Behold our boldness!
As you put the finishing touches on your fantasy baseball draft preparations, it's likely there are certain names popping out at you as you scroll through rankings, mock drafts, and a variety of other pieces.
We've developed our own lists of players we're fond of, individuals worth pursuing in drafts no matter the cost. Conversely, we're wary of certain players who aren't setting our fantasy hearts aflutter. As such, we've saved our hottest, boldest takes for last. Here are five bold predictions for the fantasy baseball season.
ADP courtesy of FantasyPros as of March 14.
A.J. Pollock had his fantasy managers smiling in 2015 after he authored an incredible 20-homer, 39-steal campaign that included 111 runs scored and a .315 average. He hasn't been able to replicate that success since then because of injuries, but looked to be on the right path last year before a thumb injury derailed a hot April.
Playing in a new home with the Dodgers in 2019, Pollock will return to fantasy dominance, stay healthy, and be a run-scoring machine hitting in front of Corey Seager, Justin Turner, and Cody Bellinger. Expected to be the 27th outfielder off the board with an ADP of 95, the 31-year-old should be a 7th- or 8th-round steal in 12-team leagues. - Bryan Mcwilliam
After a second straight spectacular latter half of the season, Tommy Pham finds himself being taken as the 47th hitter off the board (ADP 73). He looked phenomenal with the Rays last year after being traded from the Cardinals. The outfielder slashed an absurd .343/.448/.622 with seven homers, five steals, and 35 runs in 39 games with Tampa Bay.

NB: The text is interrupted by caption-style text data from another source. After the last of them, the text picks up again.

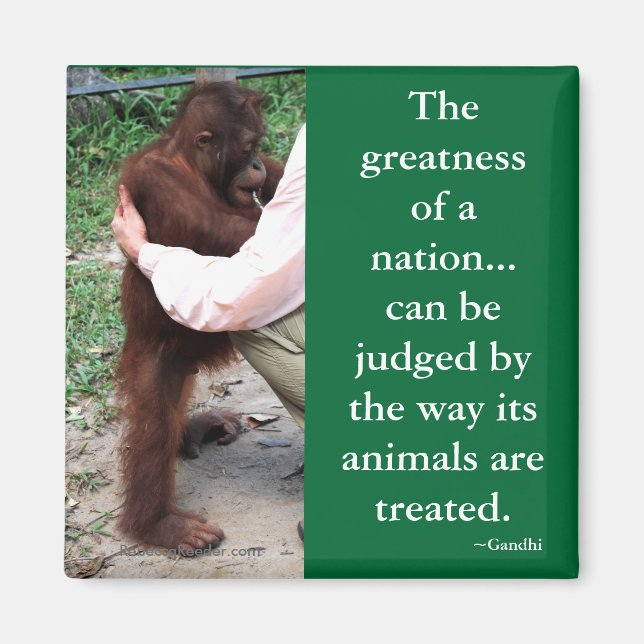 Gandhis djurcitat magnet (Framsidan)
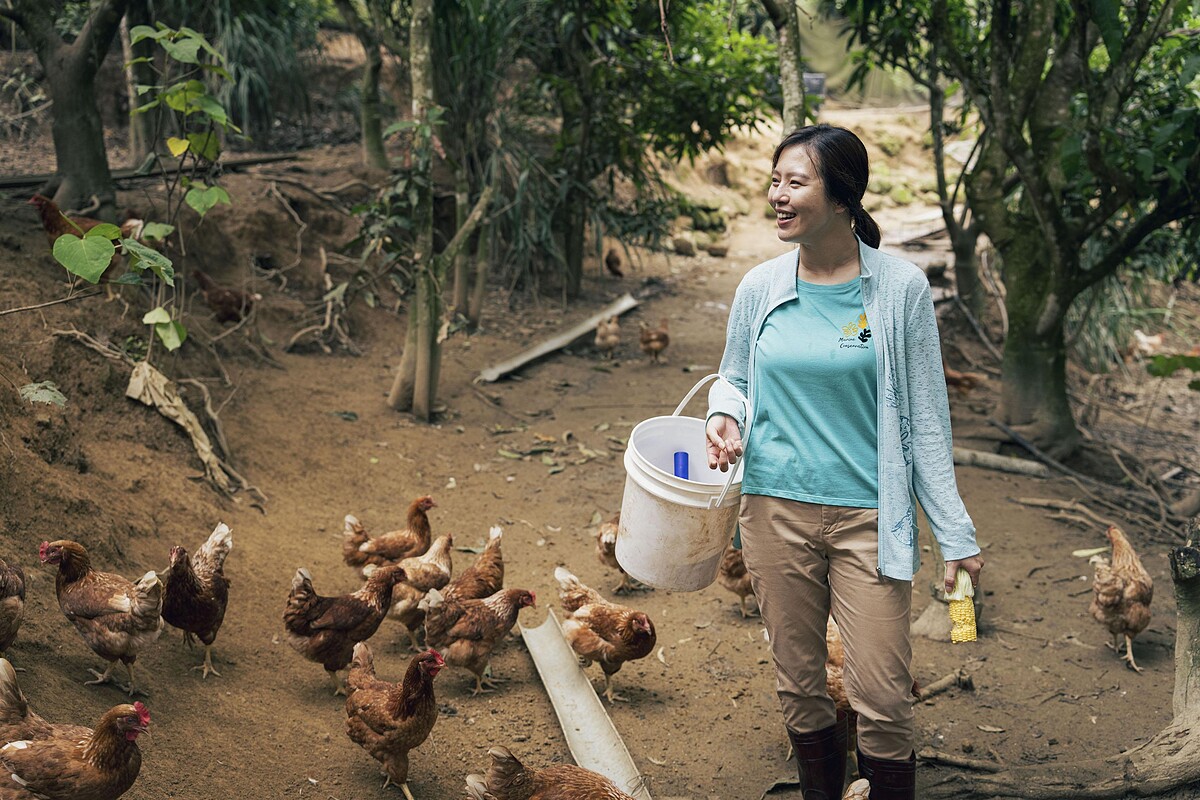 主題曲〈莎莉 Salli〉敘述由劉品言飾演的女主角,從樸實的農村生活遠赴法國的浪漫追愛故
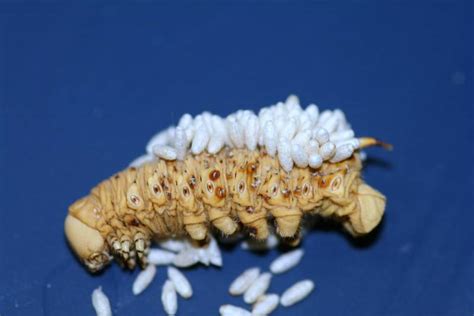 When you notice tomato worms struggling about with a burden of tiny cocoons or mummified aphid carcasses where aphids once swarmed, you'll know when a parasitic wasp lays eggs in a hornworm caterpillar, its life is shortened to about one week, and during much of that time, it is too ill to eat. Evidence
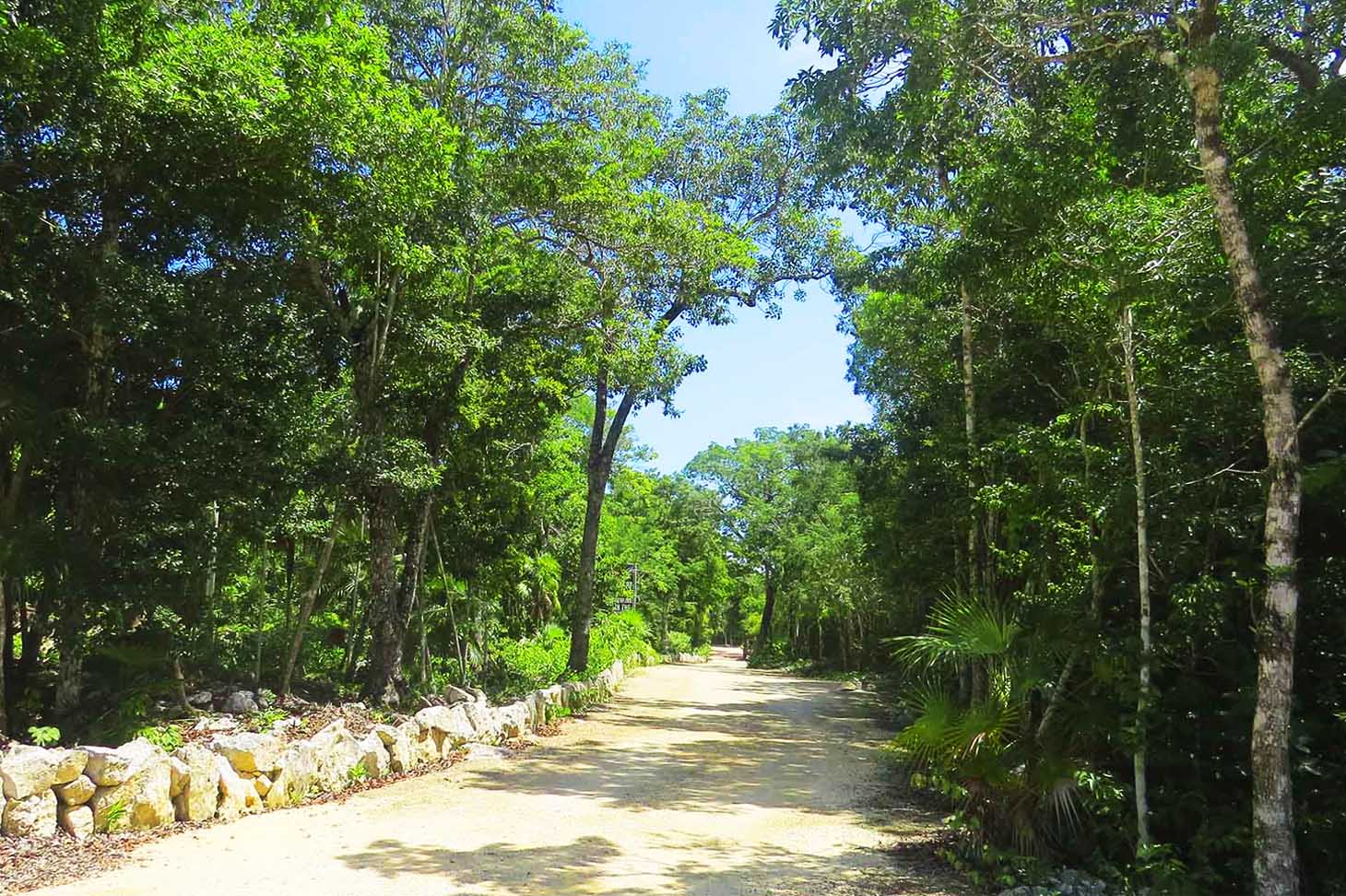 Selva Secreta Jungle Lots For Sale in Tulum near Xcacel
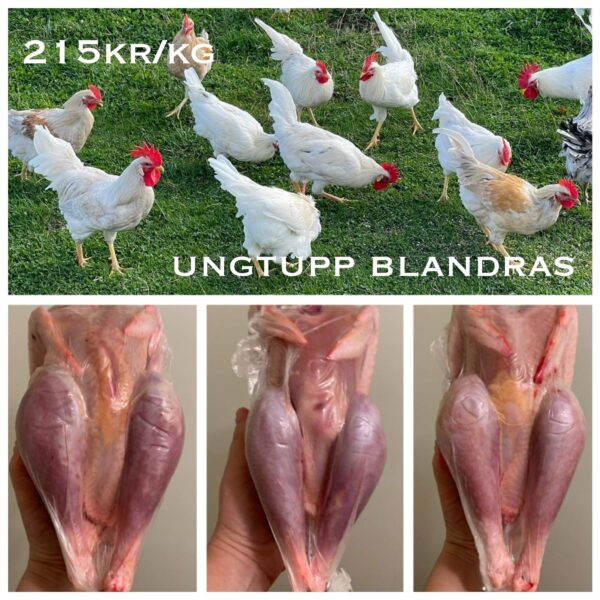 Smeds Gårds Ungtupp Blandras (Färsk)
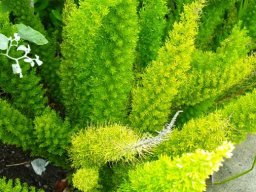 Asparagus densiflorus &quot;Meyersii&quot;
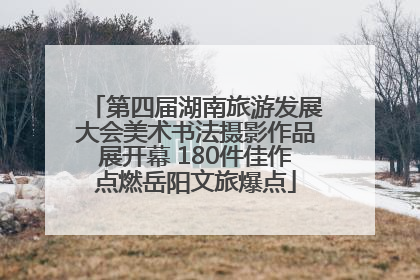 第四届湖南旅游发展大会美术书法摄影作品展开幕 180件佳作点燃岳阳文旅爆点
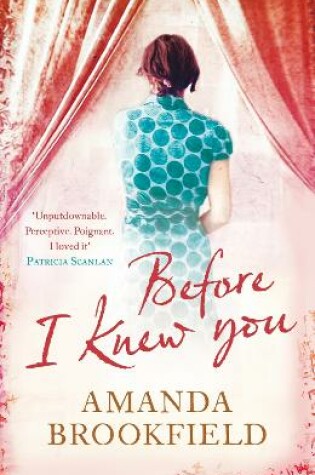 Cover of Before I Knew You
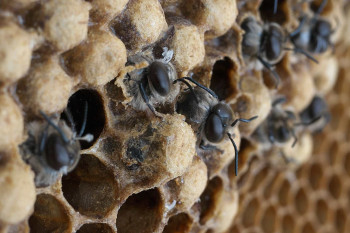 Karlovarský kraj investuje do udržitelnější budoucnosti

He's going to put it all together over a full season for the first time in his career, finishing with 205 combined runs and RBIs, 30 homers, 30 steals, and a .290 average - similar numbers made Javier Baez a top-10 hitter in 2018. If that's not bold enough, Pham is also my dark horse for American League MVP. - Andrew Brennan
Move over Clayton Kershaw, there's a new horse in town. Of course, that's a bit hyperbolic as Kershaw's accolades are unimpeachable. But Rockies right-hander German Marquez is a rising star in the division, one who's being drafted behind a host of NL West starters who will finish worse than him in five-category leagues. Marquez is the 23rd pitcher off the board right now, going 83rd overall. That trails fellow NL West stalwarts Walker Buehler (ADP of 39), Kershaw (52), and Zack Greinke (61), with Madison Bumgarner close behind at 90.
After the All-Star break last year, the 24-year-old Marquez posted a remarkable 2.61 ERA and 0.90 WHIP thanks to a 35 percent strikeout rate and 6.1 percent walk rate. Was it just a lucky stretch outside of Coors Field? Eight of those final 14 starts were away games, a stretch in which his worst performances took place at Los Angeles and San Francisco. Marquez was nails no matter the air density. - Michael Bradburn
Jacob deGrom's 2018 campaign was a masterpiece as he put together one of the modern era's best seasons by a starting pitcher. Expecting deGrom to post those numbers again is wishful thinking. The electric right-hander is going to put up All-Star stats, but he won't make history.
The 30-year-old's second-lowest single-season ERA was 2.54 in 2015, significantly higher than last year's 1.70. In 2017, it was 3.53 as he pitched over 200 innings for the first time in his career. Every major pitching stat was a career best last season including a 1.99 FIP. Regression is inevitable for deGrom. Taking him in the first round - or as a top-3 pitcher - is asking for trouble. - Tom Ruminski
Here's a bit of a twofer. Ronald Acuna Jr. is entering the season with ample hype and it's not like he's being selected all that late. In fact, if you wait he may not be available for your second-round selection; he's typically going within the first 10 picks as the fifth outfielder drafted. It's not hard to see why. His talents make him a potential five-category superstar who could supplant Mookie Betts and, yes, even Mike Trout atop the fantasy baseball rankings.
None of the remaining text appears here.